>Is it really like this?
>If I have a record with the ident (which is a unique index) = 1000, I deleted it, I cannot put 1000 anymore?
Deletion does not remove the record from existance, its imply makes it inactive in the context of SET DELETED ON. Primary and candidate keys must be unique at all times regardless of the SET DELETED status, since it can't be assured at any time, and there is always the potential of RECALL being issued against a record marked for deletion.
If you look back a week, there were a couple of threads on recycling primary keys, and some approaches to recycling keys and how to ensure uniqueness in the event of the (IMO) bad practice of recycling primary keys.
I don't recycle primary keys, and since I use primary keys as a mechanism for establishing table relations and not for ordering data, I also don't worry about the primary key being consecutively assigned, or even being assigned in an ascending or descending fashion.
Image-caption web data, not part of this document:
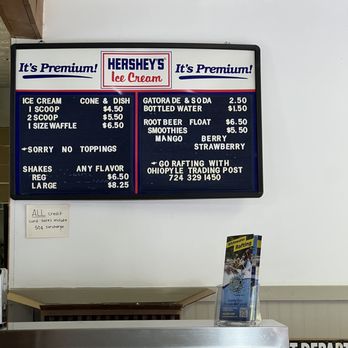 The Kickstand - a menu for hersey's ice cream - Ice Cream & Frozen Yogurt Near Me - Ohiopyle, Pennsylvania The Kickstand - a menu for hersey's ice cream - Ice Cream & Frozen Yogurt Near Me - Ohiopyle, Pennsylvania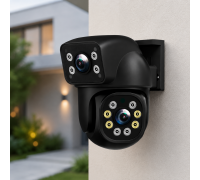 Двойная уличная Wi-Fi камера видеонаблюдения 2+2 Мп E390 + Led подсветка IP66 (Eyes390)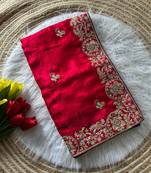 Red Color Heavy golden Embroidery And Zarkhan diamond Work Silk Saree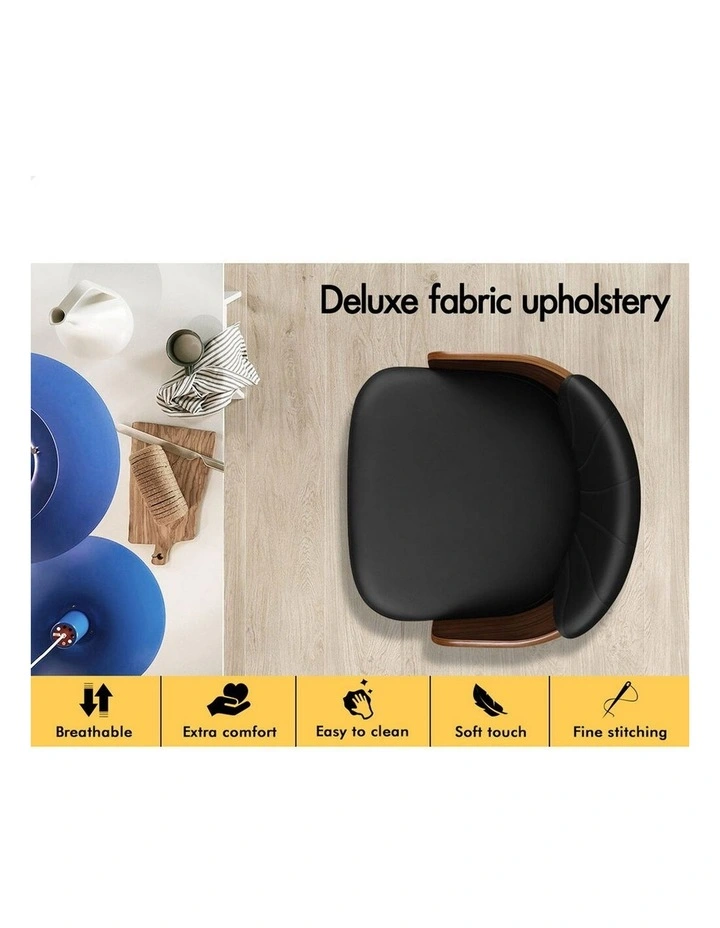 4x Swivel Bar Stools Alice Kitchen Wooden Dining Chair Black image 3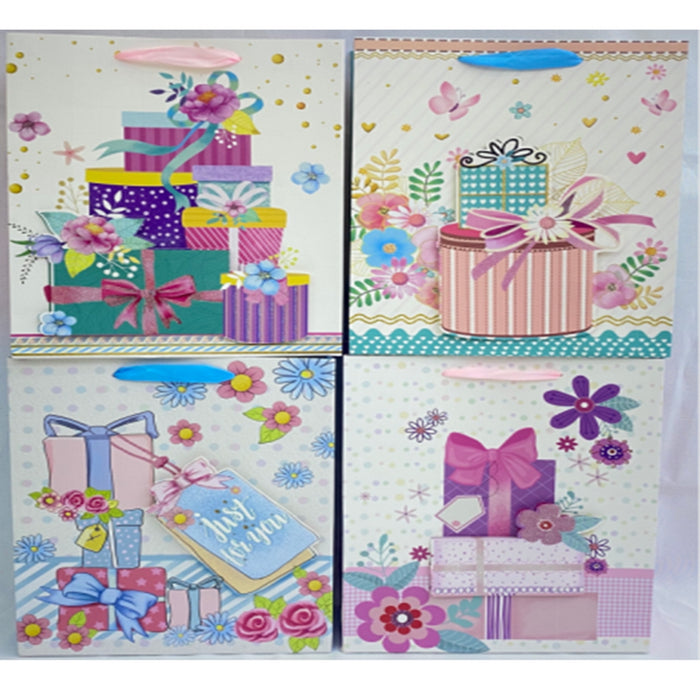 PUNGA CADOURI GIFT BAGS, carton glitter 3D, design Present, 32 x 26 x 10 cm, modele asortate*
The use of surrogate keys (keys that carry no detail of the data properties of a record, only serving as a unique identifier) as primary keys removes the concerns over the possible side-effects of recycling keys (things like accidentally picking up 'children' of a previously deleted record with a given key. There's nothing quite like picking up a couple of dozen extra line items on an invoice because you've recycled keys and weren't immensely careful about relational integrity...)
YMMV. There are simple mechanisms for assigning new keys in every instance, and since it's fairly easy to provide a key space (the range of values available for use as a key) that's orders of magnitude larger than the number of records you might have, you give up very little.